Поднялась на поверхность боль прошлых потерь. Чарльз оплакивал не только отца, но и мать, которая к тому моменту была три года как мертва. А также Майкла, школьного приятеля, который умер в седьмом классе, и Клиффа, вожатого из лагеря, скончавшегося от разрыва аневризмы. Снова и снова Чарльз говорил о потрясении.

– Давайте исследуем ваше потрясение, – предложил я. – Из чего оно состоит?

– Смерть – всегда потрясение.

– Продолжайте. Расскажите мне об этом.

– Это же очевидно.

– Постарайтесь сформулировать.

– Раз, и жизнь кончилась. Вот так вот просто. Негде спрятаться. Никакой безопасности… Мимолетность… Жизнь преходяща… Я это знал, это все знают. Но я никогда особо не задумывался. Никогда не хотел об этом думать. Но смерть Джеймса заставляет меня думать, думать непрерывно. Он был старше меня, я понимал, что он умрет раньше. Это заставило меня взглянуть правде в глаза.

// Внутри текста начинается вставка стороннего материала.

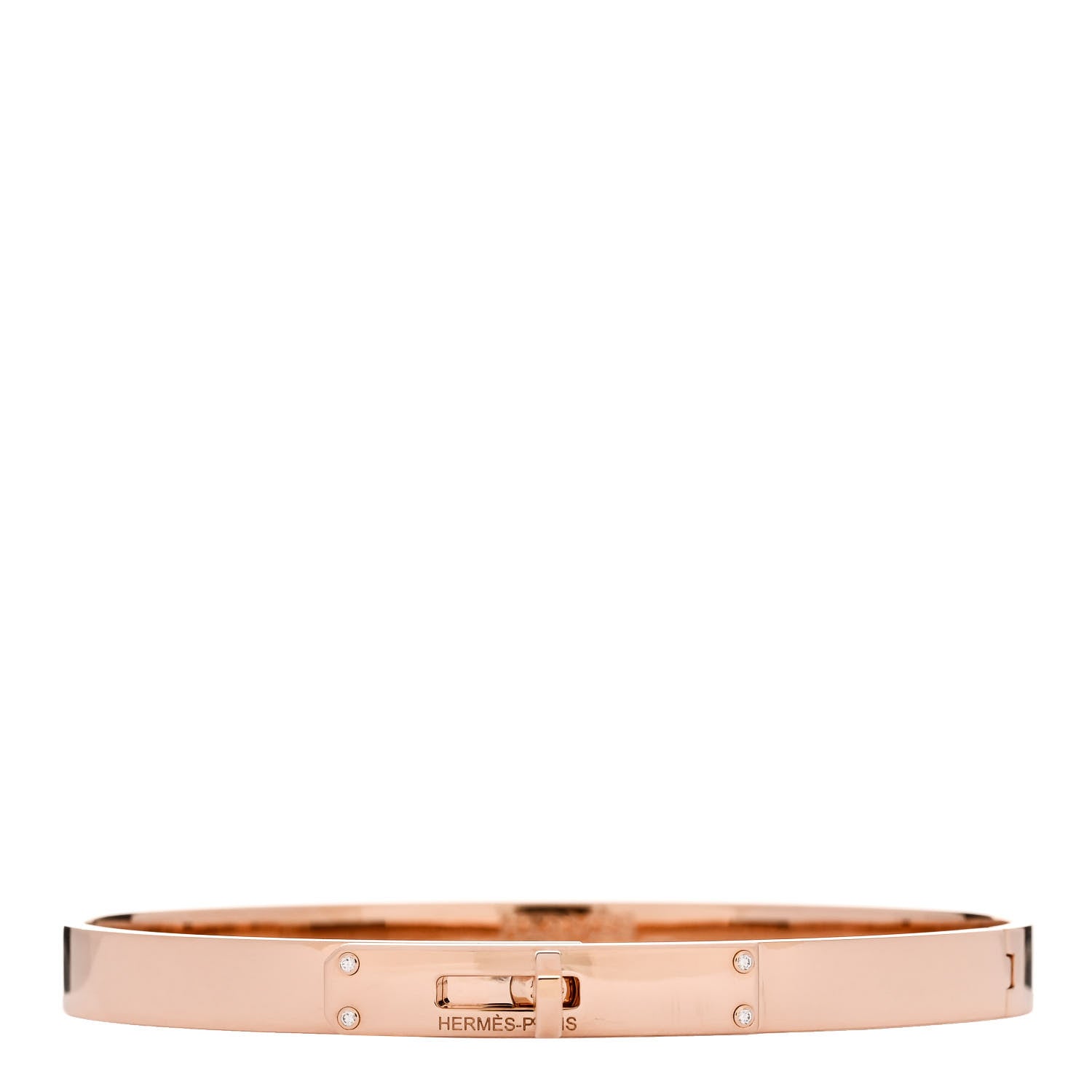 Hermes 18K Rose Gold Diamond PM Kelly Bracelet ST 1 of 4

– Продолжайте. Какой правде?

– Правде о моей жизни. О моей смерти, которая ждет меня впереди. О постоянстве смерти. О том, что мертвым становятся навсегда. Эта мысль – быть мертвым навсегда – как будто застряла у меня в голове. Как я завидую моим друзьям-католикам и всем этим идеям о жизни после смерти. Хотел бы я, чтобы для меня это звучало сколько-нибудь убедительно! – Чарльз глубоко вздохнул и посмотрел на меня. – Вот о чем я думал. А еще меня преследует множество вопросов о том, что же действительно важно.

– Расскажите мне об этом.

– Я думаю, как бессмысленно трачу всю свою жизнь на работу и зарабатывание денег. У меня их уже достаточно, но я продолжаю зарабатывать еще больше, как и Джеймс. Мне очень грустно от того, как я живу. Я мог бы быть лучшим мужем, лучшим отцом… Слава богу, еще есть время.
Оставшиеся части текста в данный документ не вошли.